GIVEN RECORDS:
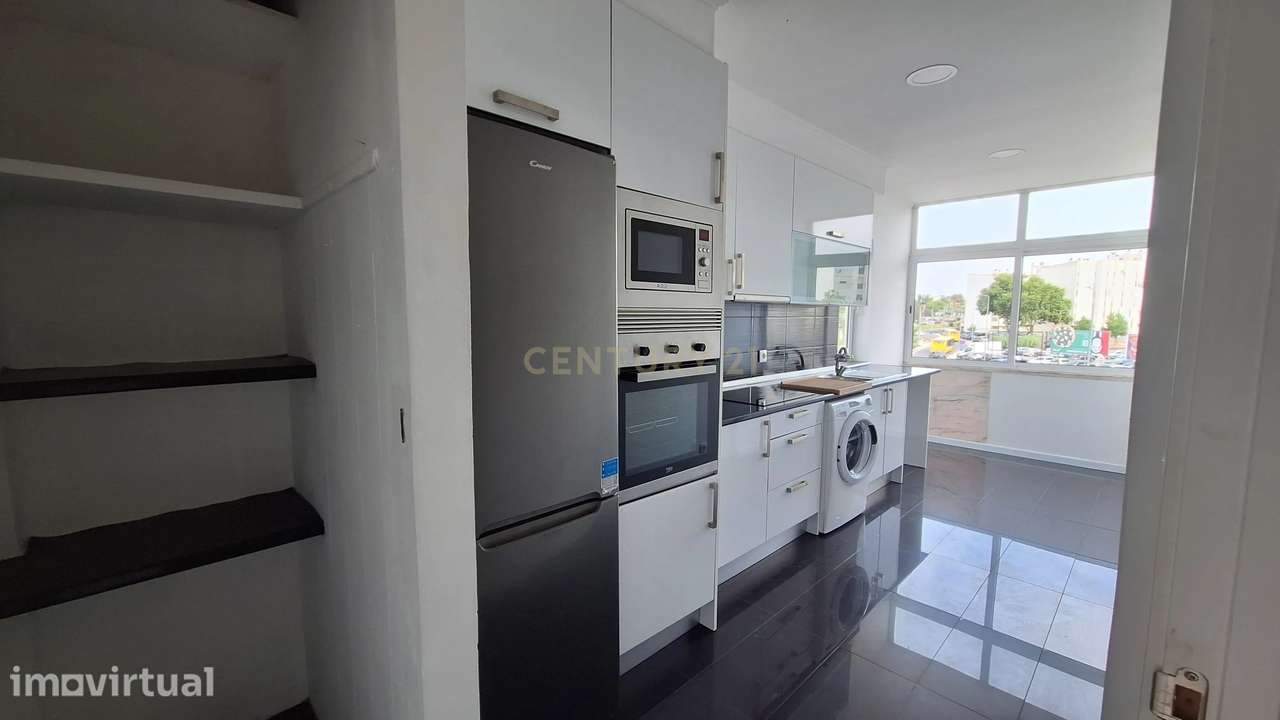 ARRENDA-SE APARTAMENTO T2 CORROIOS - ZONA CENTRO - Grande imagem: 3/13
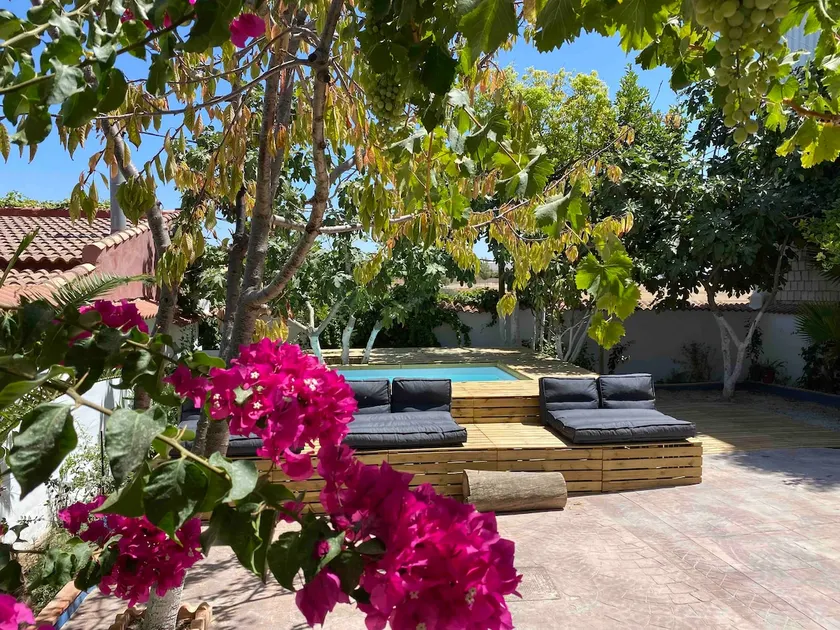 Indigo blue EL PATIO. Country house in Alameda - Image 1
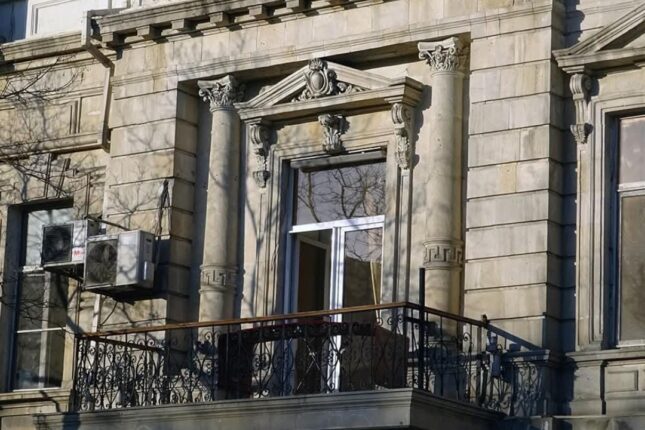 Balkon faciəsi: Memar nazirliyin açıqlamasını ifşa etdi – Foto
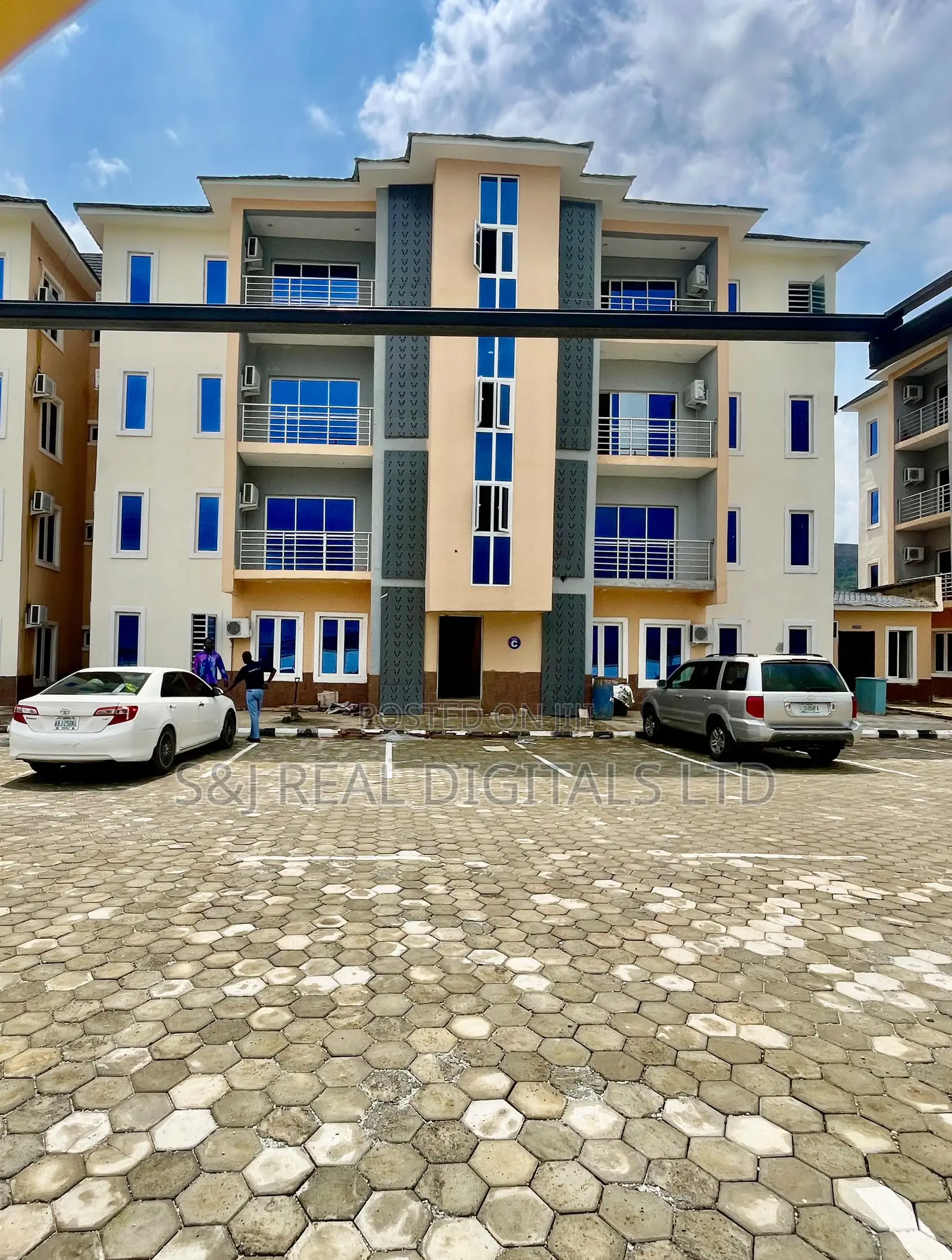 3bdrm Apartment in Katampe (Main) for sale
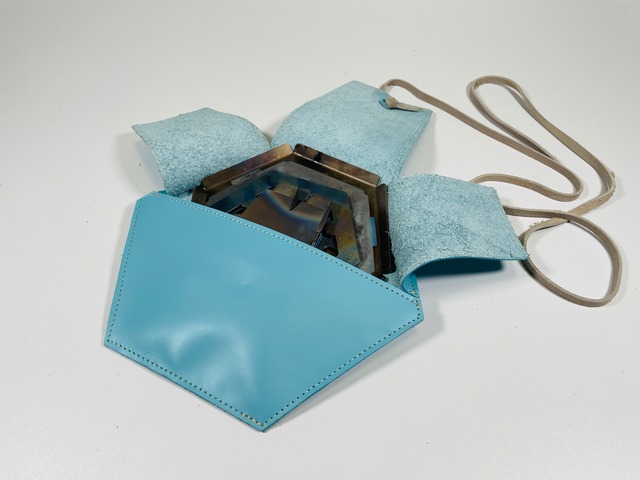 Hexagon gear mount （スムースレザー製ケース）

TASK DESCRIPTION: Pictures stay out of the copy; print the material above exactly.

RESULT OF THIS TASK:
 ARRENDA-SE APARTAMENTO T2 CORROIOS - ZONA CENTRO - Grande imagem: 3/13
 Indigo blue EL PATIO. Country house in Alameda - Image 1
 Balkon faciəsi: Memar nazirliyin açıqlamasını ifşa etdi – Foto
 3bdrm Apartment in Katampe (Main) for sale
 Hexagon gear mount （スムースレザー製ケース）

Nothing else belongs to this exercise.